Comment by PaulDavisThe1st
5 years ago
line-oriented data formats vs everything else. Why ? Because of "patching theory". If you don't understand the the data describes objects and doesn't have line-by-line semantics, it is hard to get merges correct.
Version control works wonders with line-oriented stuff, which covers more or less every programming language in existence.
It doesn't do so well with non-line-oriented structured formats such as XML (not sure how JSON or TOML) fits in here).
Given that collaborative editing typically works with non-line-oriented data formats, you can see the issue, I think.
That's what I refer to as "grammar-aware diffing" in the sibling comment, and it's one of the low-hanging fruits here.
Even git allows for pluggable diffing, and doesn't force line orientation. What's missing is the concept of moving something, as distinct from deleting lines/chunks and then inserting lines/chunks which just happen to be the same.
This is not a problem which CRDTs have, to put it mildly. I believe pijul understands it as well.

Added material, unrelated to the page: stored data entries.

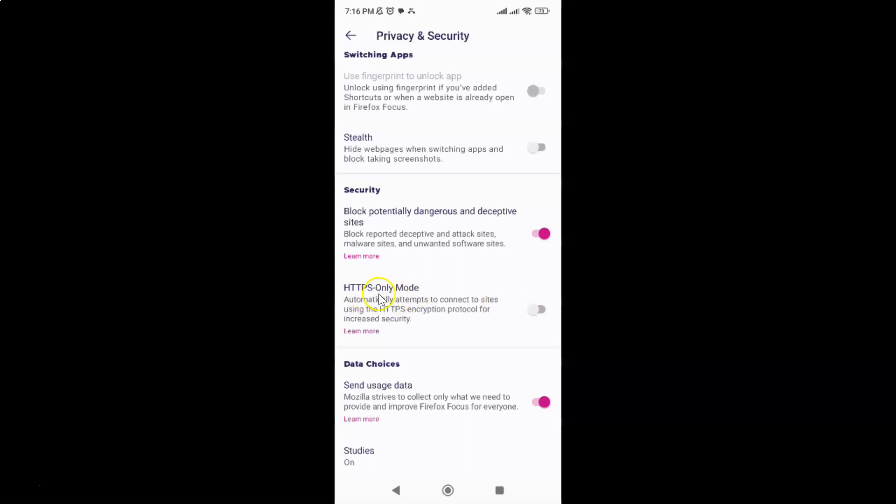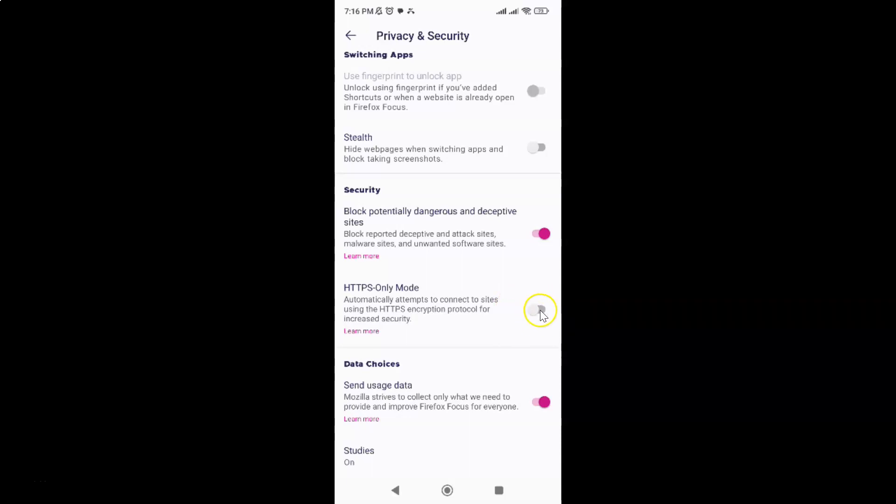To enable HTTPS only mode, you have to enable this toggle button next to it. To enable this toggle button, just tap on it so that the slider moves to the right. Let me show you, let me tap on it.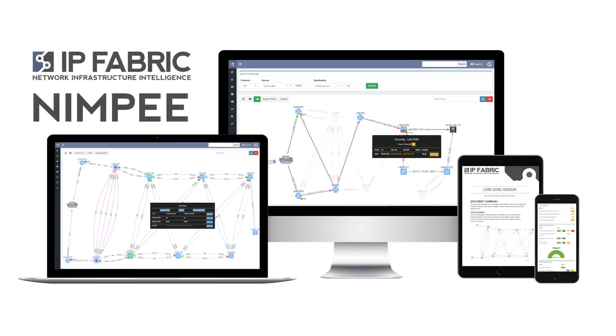IP Fabric NIMPI is a network mapping and verification platform designed to address specific needs of large-scale network infrastructure management, reducing operational risk and streamlining change management process.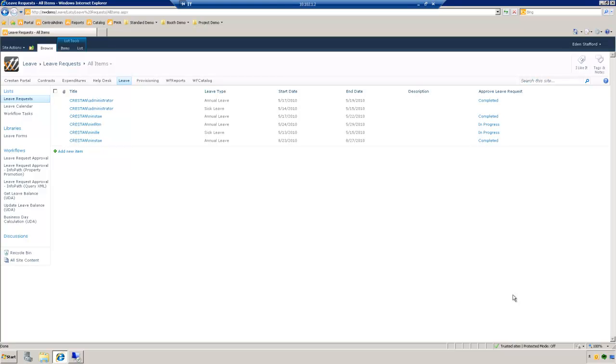Hello, this is Jason Keller with TTR. Today I want to demonstrate how easy it is to configure a conditional statement in Nintex Workflow 2010.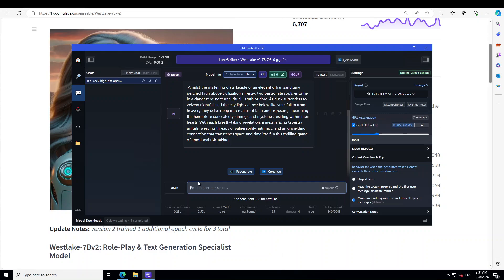Okay, let me ask it a new story version. I'll say: write a short news story about a two-headed snake found in bush in maybe in Sydney outskirts.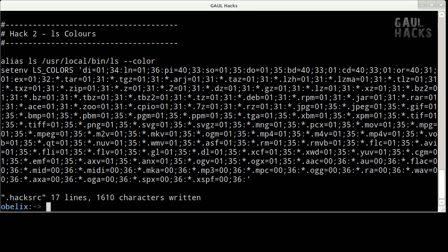Alright, that's the end of hack 2. Hopefully you find working at the terminal a little less dreary now that you've got some color in your ls output. Thanks for watching and we'll see you next time.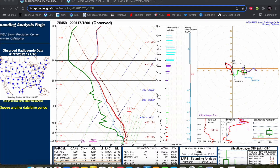Skew-Ts and hodographs are some of the most important things you can use when making a forecast. If you know how to use them properly, you will be a much better forecaster — whether you are an operational meteorologist making a forecast, or a storm chaser picking out a good storm chase target. If you know how to read and use Skew-Ts and hodographs effectively, you are going to be a much better forecaster because they can give so much information on a given environment and how that environment has changed over time. If you don't know how to read them, you're going to be at a disadvantage.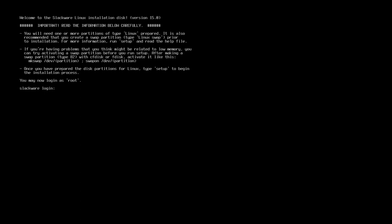We need to create at least one partition of type Linux filesystem and another partition that is the swap. If you want to create an EFI partition and your system supports EFI, you also have to create a partition for the EFI system. I have booted my Slackware Linux with the EFI system, so I have to create a separate partition for EFI as well.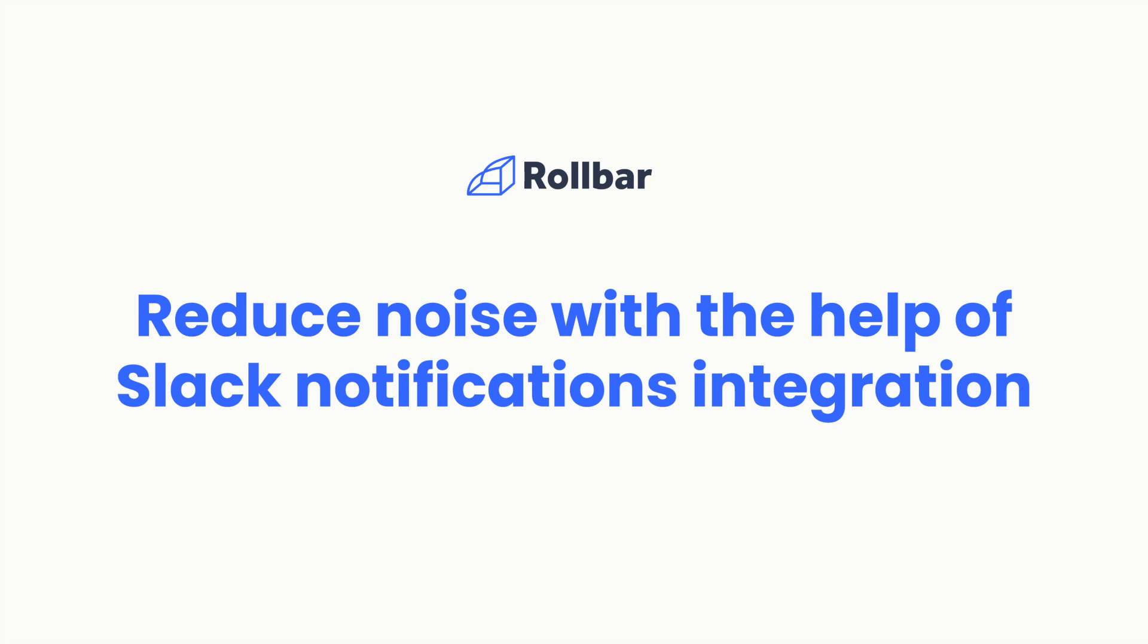Rollbar integrates with a variety of messaging tools for sending outbound notifications, allowing you to receive information about your events without logging into the web application. This video focuses specifically on Rollbar's integration with Slack and its features.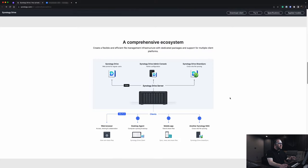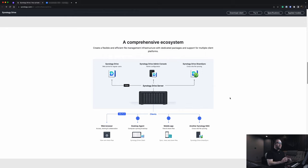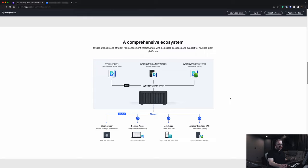If you take a look at this graphic, you can see Synology Drive in the top left — that's a web portal for regular users. In the top middle you've got the admin console where you do all your admin configuration. In the top right you have Synology Drive ShareSync, which is where you do the cross-site file syncing. Below that you have the actual hardware unit, which is the Synology Drive server itself. And below that you've got your clients: web browsers, desktop agents, mobile apps, and even additional Synology units.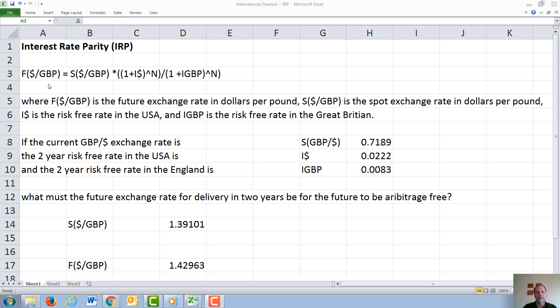If it is true, this relationship has to hold. If it is not true, then a trader could make a so-called arbitrage profit — a risk-free profit — by either taking a short or long position in the future, and buying or selling the underlying currency and taking positions in the debt instruments. Therefore, since everyone wants to make money without taking on any risk, the markets will drive this equation to being true.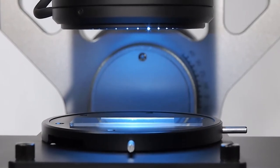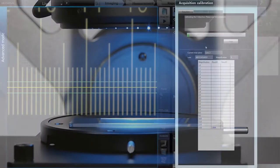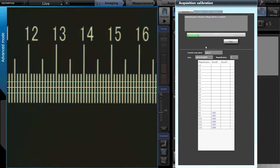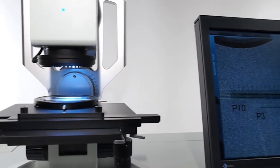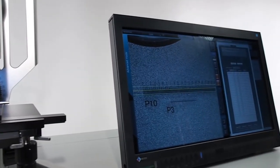With DSX digital microscopes, auto calibration verifies the reliability of your measurements and analysis to ensure consistent results every time.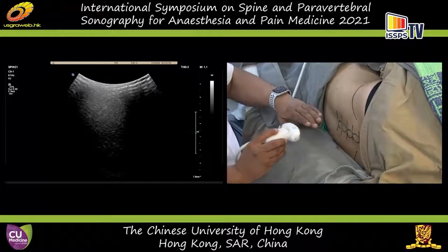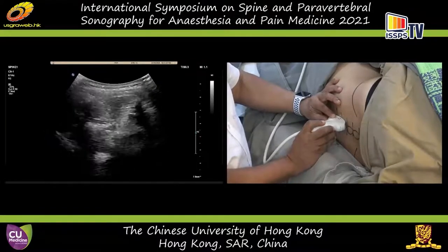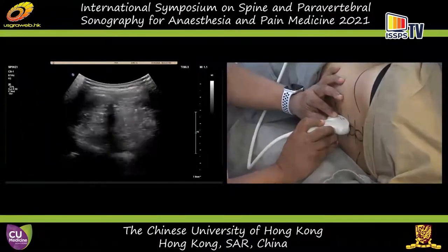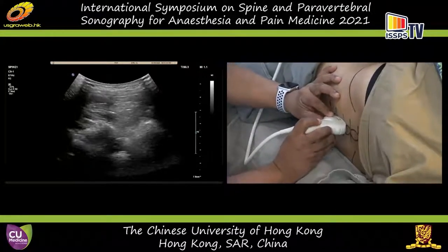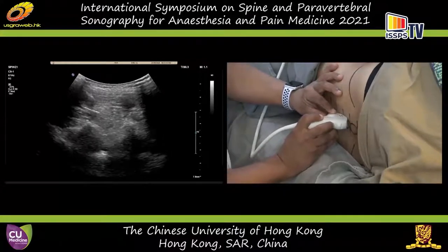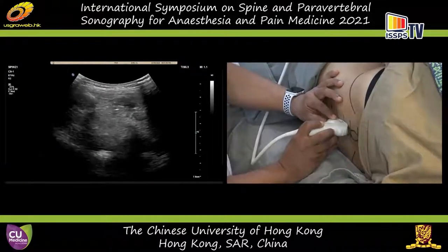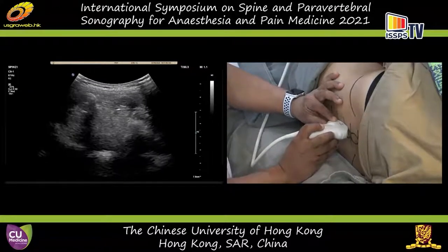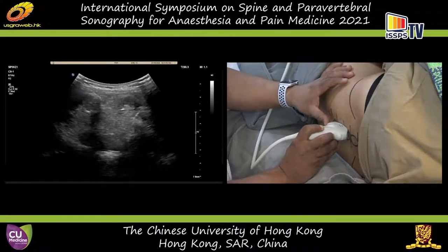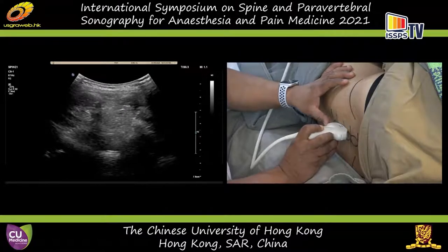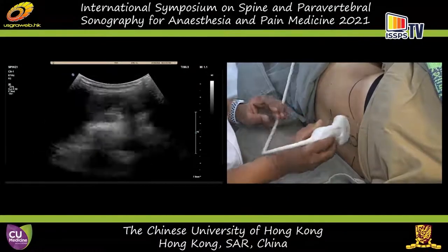You can do a midline median sagittal scan, but we try to avoid this because it's not very useful and sometimes very difficult to acquire — the spinous processes may not be aligned one over the other. Through the interspinous spaces you can see the posterior dura and the anterior complex with the thecal sac in between. The paramedian window is by far more commonly used.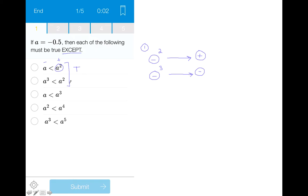Moving on to answer choice two, we see similarly that 'a' — a negative number — is squared, which will produce a positive number. On the other side of the inequality, we see a negative number cubed, which will produce a negative number. Similar to the premise used in answer choice one, a positive number is greater than a negative number, making this answer choice true.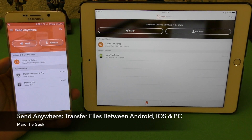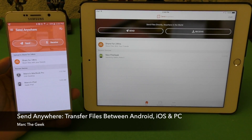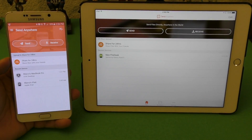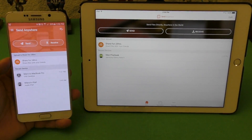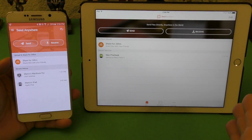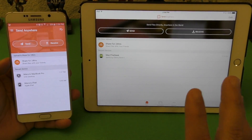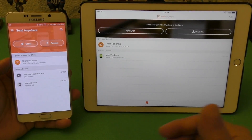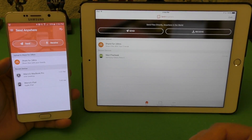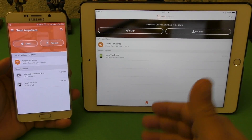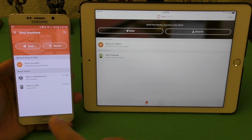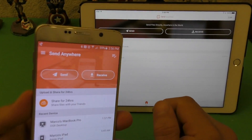Hey guys, Marty Geek here. In this video I want to share a little tip on how to transfer files between iOS and Android devices. On iOS it's a little hard to transfer or receive files via Bluetooth, wireless, or NFC.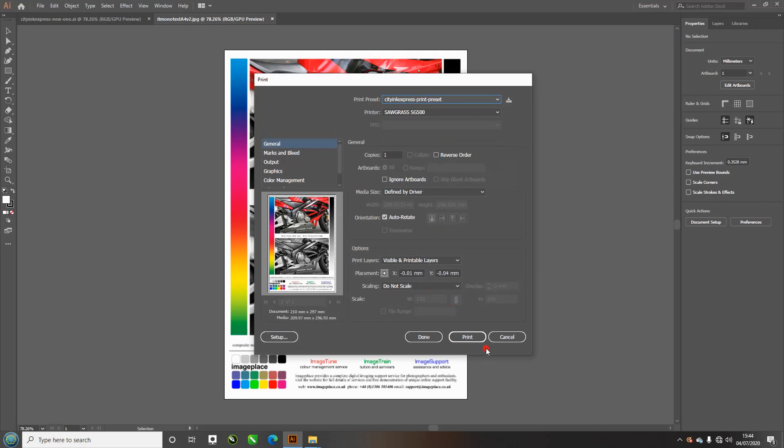It saved all the settings from last time around. And that's how you set up your sublimation ICC profile in Adobe Illustrator 2019. Thanks for watching.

A lot of this stuff is right out on the cutting edge, and as it matures it will become practical to connect the edges, such as a CRDT which collaborates with a parser to produce grammar-aware patches which are automagically fed to pijul or something like it.
This comes with a host of problems, mostly that we're not used to dealing with a history which has this level of granularity, most of which we don't want to see, most of the time. But they would be nice problems to have.
Some of "We" depend on sub-line diff highlighting during code reviews in order to reason about refactors and adding/removing arguments from function signatures.
That this is generally a feature of the diff tool and not the version control is a bit disappointing.